While pointing to a 20-ounce bottle of Coca-Cola, University of West Georgia (UWG) nursing student Linda Burnett told a group of Carrollton Elementary School students how much sugar is in the popular soft drink.
“If we drank a bottle of Coke every day for a year, we would have consumed 30 pounds of sugar,” said Burnett. “That’s a lot of weight isn’t it? Would you want all this sugar in your body? It’ll make you sick.”
“Not only does it make you sick, it turns into this fat — this gloopy, gloppy stuff,” said UWG nursing student Sharonita Hudson while holding a prop showing how much fat is in a bottle of soda. “It will be all in your body. It’ll go around your heart. It’ll make you tired. So when you want to run and play with your friends, would you be able to?”
“No!” the students shouted.
“You’re going to feel so weighed down because you’re going to have all this fat built up,” said Hudson. “We don’t want that right? What’s a good way to decrease our fat besides eating healthy? What can we do?”
“Run around the block,” said one student.
“Yes, exercise,” said Hudson. “Not only do we want to eat healthy, we want to exercise.”
This lesson was part of an interactive exhibit created by Tanner Health System’s Get Healthy, Live Well. The Kids Exhibit is an engaging experience for kids ages 6 to 12 that teaches them about healthy lifestyles in a fun and exciting way. Students from UWG’s Tanner Health System School of Nursing joined Get Healthy, Live Well staff at Carrollton Elementary School on Monday, Oct. 17, to teach students in the science, technology, engineering and math (STEM) program how to make healthy choices.

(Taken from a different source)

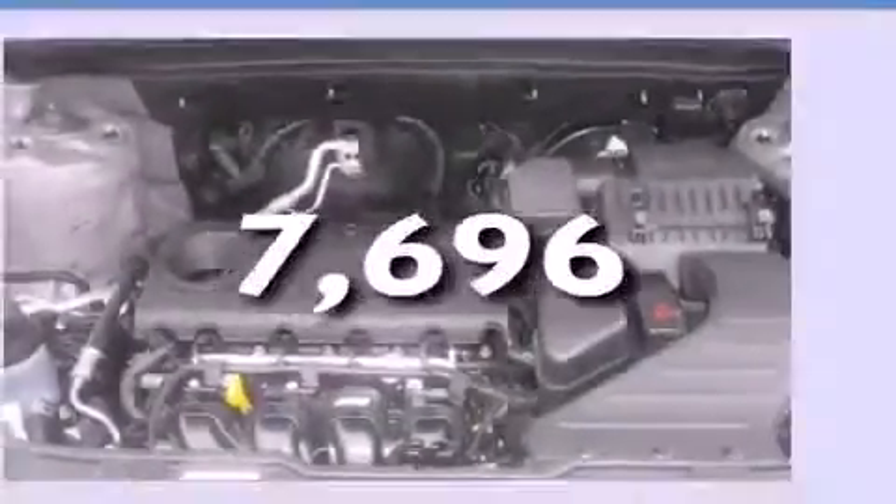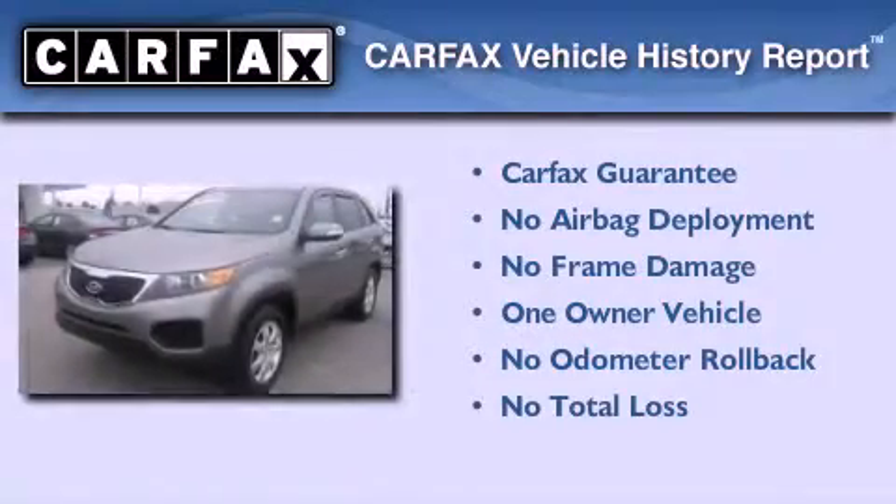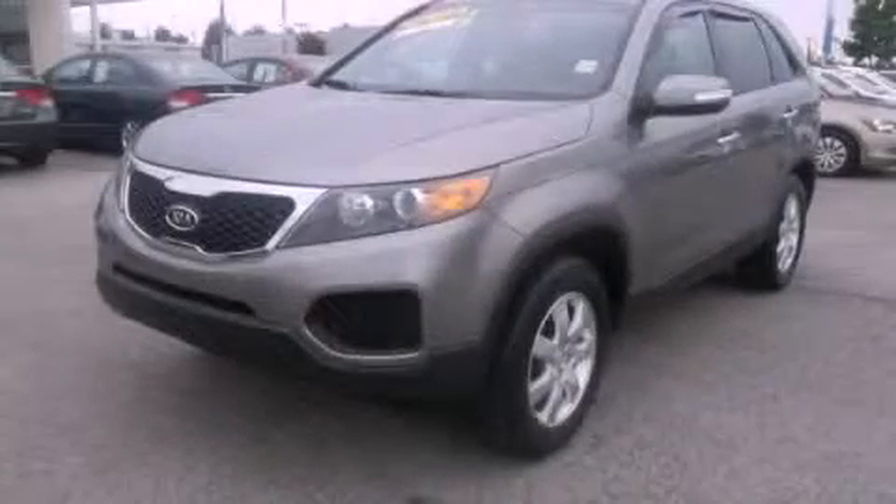This vehicle has fewer than 8,000 miles on the odometer. This Kia has had only one owner and it qualifies for the Carfax buyback guarantee. Call or visit us right now and arrange your test drive today.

The Carrollton City School System has a K-12 STEM focus with programs that integrate science, technology, engineering and math at all grade levels. There are STEM-related programs at Carrollton’s elementary, middle, junior high and high schools. In 2013, Carrollton Elementary School became the first K-3 elementary school in the state to become Georgia Department of Education STEM-certified, joining only six other K-12 schools statewide.

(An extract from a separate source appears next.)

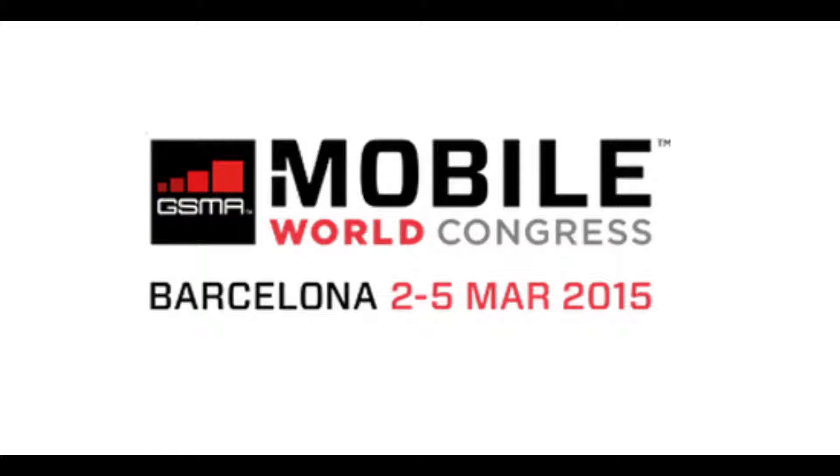Hey, what's going on, it's Buddy here — what's up everybody! Today we're going to be going over Mobile World Congress, or MWC, that just happened March 2nd through the 5th in 2015. We'll be taking a rundown of all the cool things that were unveiled here and what you need to know about it. So let's get right into it.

Get Healthy, Live Well’s Kids Exhibit, which can be scheduled to appear at libraries and schools in west Georgia, features nine educational stations through which kids can rotate. Several stations focus on nutrition. For example, students learn how to create a balanced plate of food and what it takes to actually burn a certain amount of calories.

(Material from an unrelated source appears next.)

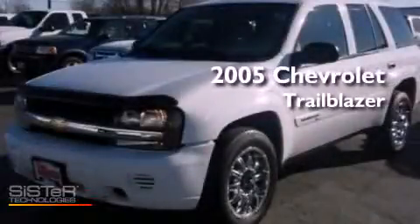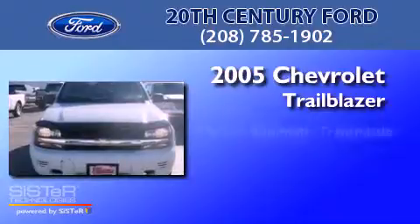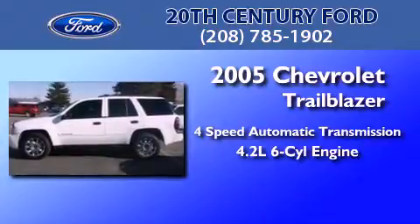This is a 2005 Chevrolet Trailblazer. This SUV has a four-speed automatic transmission and a 4.2-liter inline six-cylinder engine.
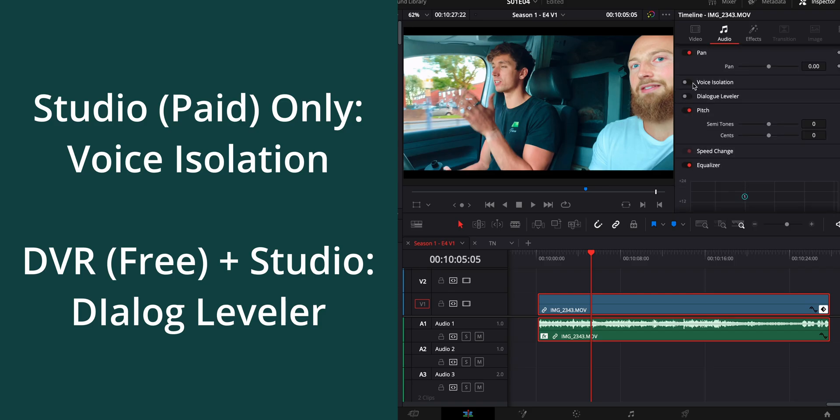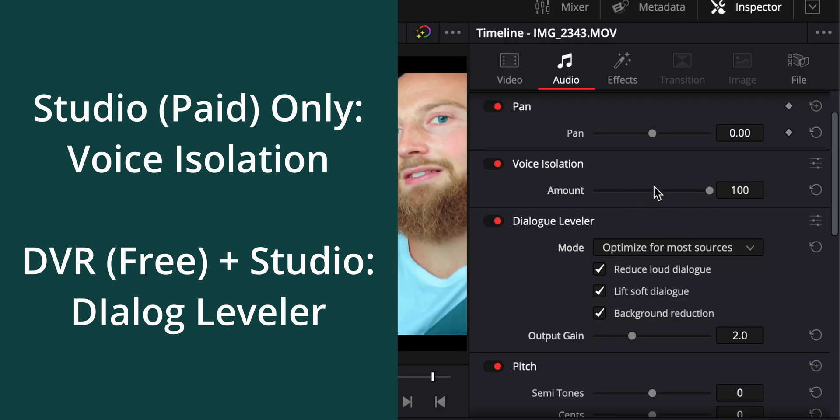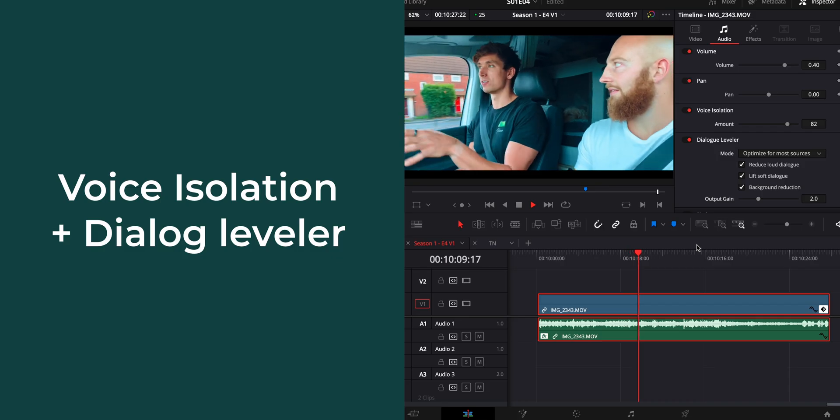These new audio settings are incredible. Jump into the audio tab and all you have to do is turn these two dials on, then drag the voice isolation to where you want. I usually find that 50, give or take, is about right. Listen to how good this is.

There is also a station called “Rethink Your Drink” that illustrates how much sugar is in popular beverages, such as juices and sodas.
Other stations focus on fitness fun. Students can try out balance boards, test their flexibility or challenge themselves to do sit-ups and push-ups. They also get to jump rope and then observe their bodies’ reactions, from feeling winded to sweating.
Among the exhibit’s highlights is the anti-tobacco station, which features real pig lungs — one that is healthy and another that was simulated to show what smoking does to a lung.
“The Kids Exhibit is designed to help kids grow up to be healthy teens and adults,” said Patricia Mitchell, wellness and prevention coordinator at Tanner Health System. “It’s important that kids start making healthier choices now that will develop into healthy habits.”
Carrollton Elementary STEM teacher Annette Perkins is grateful to Get Healthy, Live Well for bringing the Kids Exhibit to her classroom.
“What’s so wonderful for me to see is how excited the children are about it and that they are bringing this knowledge back home to their parents,” said Perkins. “We have 1,600 kids in our STEM labs so 1,600 kids are bringing this message home to their parents about how we shouldn’t smoke and how we have to eat healthy. I think the kids are really buying into it.”
STEM teacher Joseph Benefield stressed that the lessons learned during the Kids Exhibit are things adults need to hear too.
“Kids are getting it now, but there are adults who don’t know how to eat right,” said Benefield. “When we did the portion size, I looked at that portion size and was like, ‘Why haven’t I known this?’ This is important information that we need to have. I can’t thank Tanner enough for providing the kids with the opportunity to see it.”